True credit repair requires skill, experience, and patience. Ethical credit repair professionals go through their clients’ credit reports together with their clients looking for information that is false, unverifiable, or incomplete, and then contact the bureaus to have it modified or removed. We call this strategy the Factual Dispute Methodology.
The Factual Dispute Methodology is an important distinction for credit repair companies who seek to help people restore their standing by referencing the Fair Credit Reporting Act (FCRA) to dispute inaccurate information. Nearly 80 percent of all credit reports in the US have inaccuracies that need to be modified. That is a staggering number. The basis of the Factual Dispute Methodology is this process of examining a client’s credit report to find these inaccuracies and creating a plan of action to dispute them.
There are several types of negative items you will find on a consumer’s credit report, including inquiries, late payments, collections, bankruptcies, foreclosures, repossessions, judgments, and charge-offs. When examining a credit report, the first step is to determine whether each piece of information adheres to the following standards:
Check that all account numbers, dates, account status, account types, and other information is correct based on the consumer’s personal records. Check that the credit reports you have accessed from all three bureaus contain the same exact information.
There should be no missing dates, account numbers, balances, or other information. This is one of the most common errors you will find on a credit report.
Creditors are required by law to have back up documentation for everything that is listed on a credit report. If the information does not exist, then the item should be removed completely. Are the records murky? Is there no signature from the client?

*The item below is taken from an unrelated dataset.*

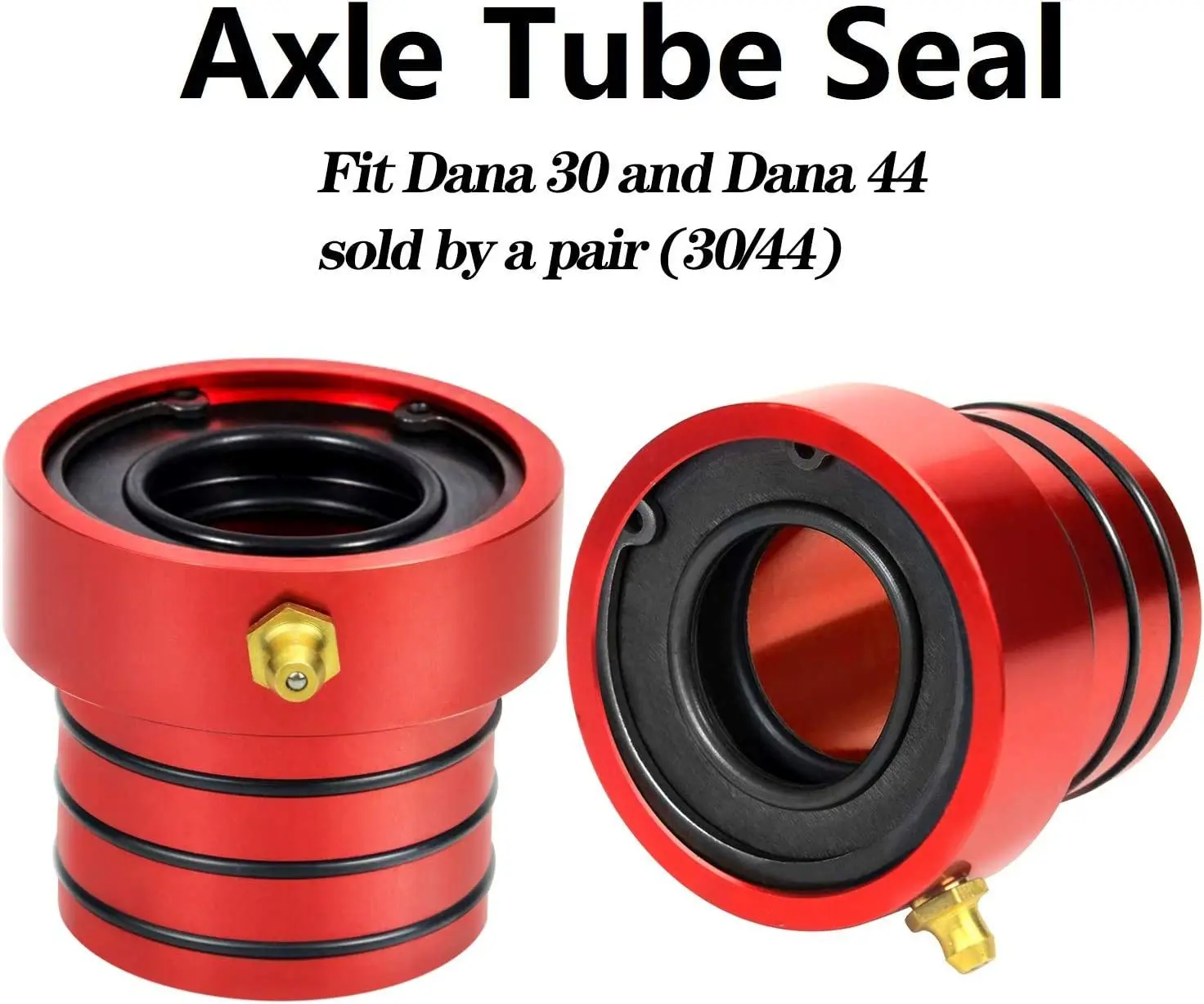 Sello de tubo delantero de aluminio para Jeep Cherokee y Wrangler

Once you have marked up the credit report with the items that are inaccurate, incomplete, or unverifiable, prioritize those that you will dispute first.
Many people choose to start with the easiest or most glaringly non-compliant items, then move on to the more difficult ones. This is often the best route because your clients will see results faster.
Others prioritize based on how much the item affects the consumer’s total credit score. For this strategy, it is helpful to know how scores are created. Credit scores are reported based on the following approximate formula:
Understanding this information, it would make sense to tackle the non-compliant items related to payment history and amounts owed first before moving on to other discrepancies.
If the factual dispute method fails to yield results for your clients, another method credit repair specialists may take is the 623 dispute method. Under this practice, specialists are asking for an investigation into the accuracy of a debt record rather than asking for verification of the debt. If the original creditor cannot prove that a debt is delinquent, then the negative information must be removed from the credit report. This process should always follow the factual dispute, and may not work with creditors who take meticulous records, or if a debt is fairly recent. Still, it’s a viable part of credit restoration.
Yes, it takes some time to go through the report this way; but the good news is that you only need to do this once for each client. If you’re using Credit Repair Cloud software you will tag all the items you wish to dispute at the same time that you import the credit report. This “tagging” maps out your course for the lifecycle of this client.
If you’ve done this correctly at the start, then each month that follows should take you less than 5 minutes of work, clicking to dispute a few more items on your list (these are the “Round 1” letters) — or replying to the response letters that were sent to your client (these are “Round 2” and higher).
Throughout the client’s lifecycle, don’t forget that it’s equally important to educate your clients to better manage their credit. Explain what they can do to help to speed up the credit repair process, to pay down balances, to stop maxing out their cards and to stop applying for credit.
Help them change their bad credit habits so they can maintain their good credit long after your work is done. Those extra touches are what will build your referrals. We have many tools and resources in the client portal to help you with this, but it’s up to you to go the extra mile and be awesome for your clients. This will grow your business much faster than trickery.
Understanding and adhering to the Factual Dispute Methodology, involving and educating your clients are key parts to operating an ethical, trustworthy credit repair business. It is up to all of us to adhere to high legal and ethical standards so we can change the conversation around credit repair to a more positive one.
Remember, you have an opportunity to truly help people. Approaching it that way will make a difference in your community — and it’s good karma.